K-Means Clustering on Handwritten Digits

K-Means Clustering is a machine learning technique for classifying data. It’s best explained with a simple example. Below is some (fictitious) data comparing elephants and penguins. We’ve plotted 20 animals, and each one is represented by a (weight, height) coordinate.

You can see that the coordinate points of the elephants and penguins form two clusters: elephants are bigger and heavier, penguins are smaller and lighter. Now suppose we’ve got one more datapoint, but we’ve forgotten whether it’s an elephant or a penguin. Let’s plot it, too. We’ve marked it in orange.

If you were to make a guess, you’d say that the orange datapoint probably belongs to an elephant, and not to a penguin. We say this because the orange datapoint seems to belong to the elephant cluster, not to the penguin cluster.

This is the essence of clustering. We take some labelled data — like heights and weights of animals, where each animal is labeled as either a penguin or an elephant. We use an algorithm to figure out which datapoints belong to which (weight, height) clusters. We look at the labels of the clusters to understand what label each cluster corresponds to. Then we take an unlabelled datapoint, see into which cluster it fits best, and thereby assign the unlabelled datapoint a label.

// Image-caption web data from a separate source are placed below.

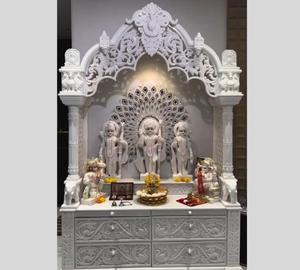 Luxury Ram Darbar Marble <b>Mandir</b> with Fine Ja-li Work and Sophisticated Handcrafted Temple Architecture - Product Image 3
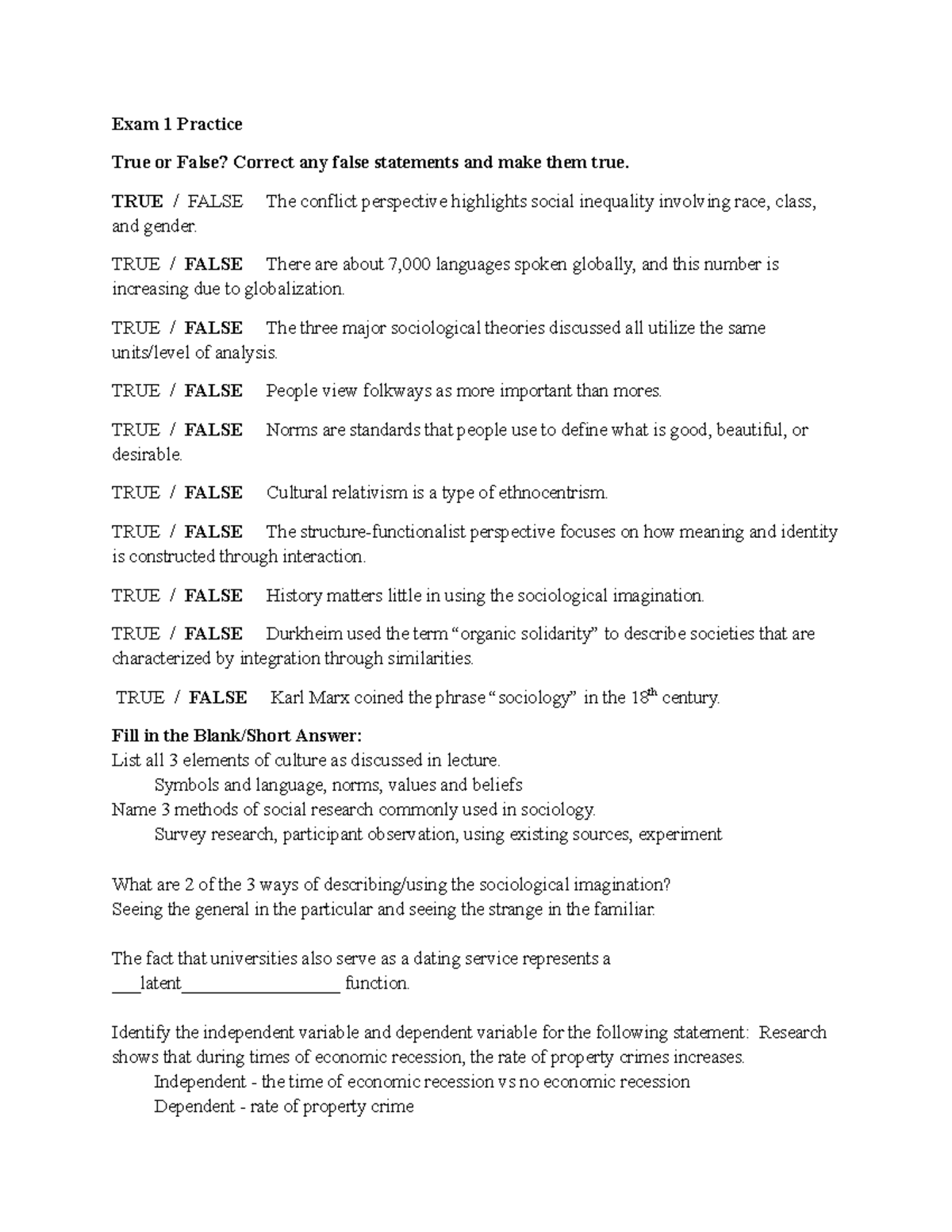 Exam 1 review sociology - Exam 1 Practice True or False? Correct any ...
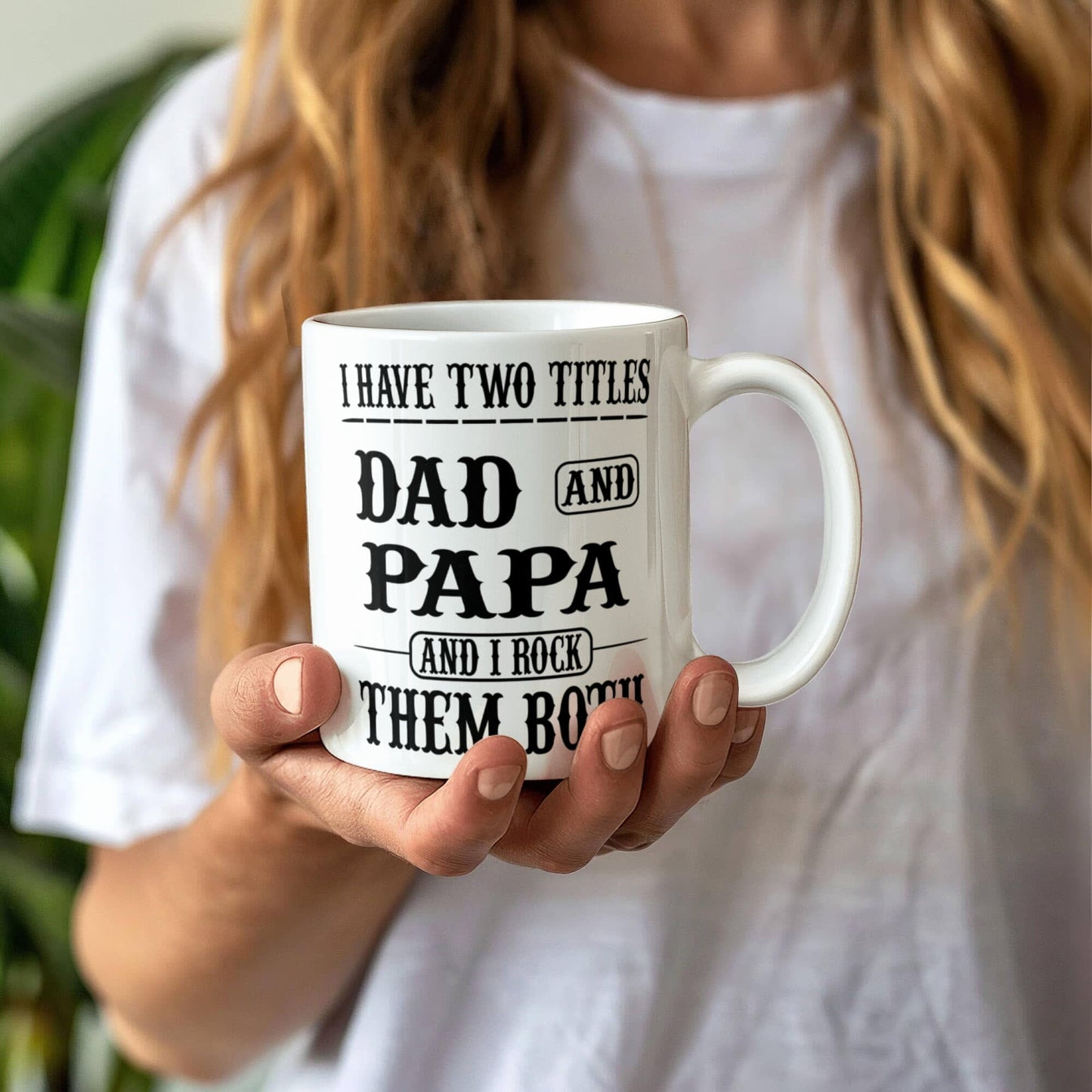 Funny Gift For Grandpa "I Have Two Titles Dad and Papa and I Rock Them Both" Coffee Mug Drinkware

We call the process k-means clustering because we assume that there are $k$ clusters, and each cluster is defined by its center point — its mean. To find these clusters, we use Lloyd’s Algorithm: we start out with $k$ random centroids. A centroid is simply a datapoint around which we form a cluster. For each centroid, we find the datapoints that are closer to that centroid than to any other centroid. We call that set of datapoints its cluster. Then we take the mean of the cluster, and let that be the new centroid. We repeat this process (using the new centroids to form clusters, etc.) until the algorithm stops moving the centroids.[0] We do this in order to minimize the total sum of distances from every centroid to the points in its cluster — that is our metric for how well the clusters split up the data.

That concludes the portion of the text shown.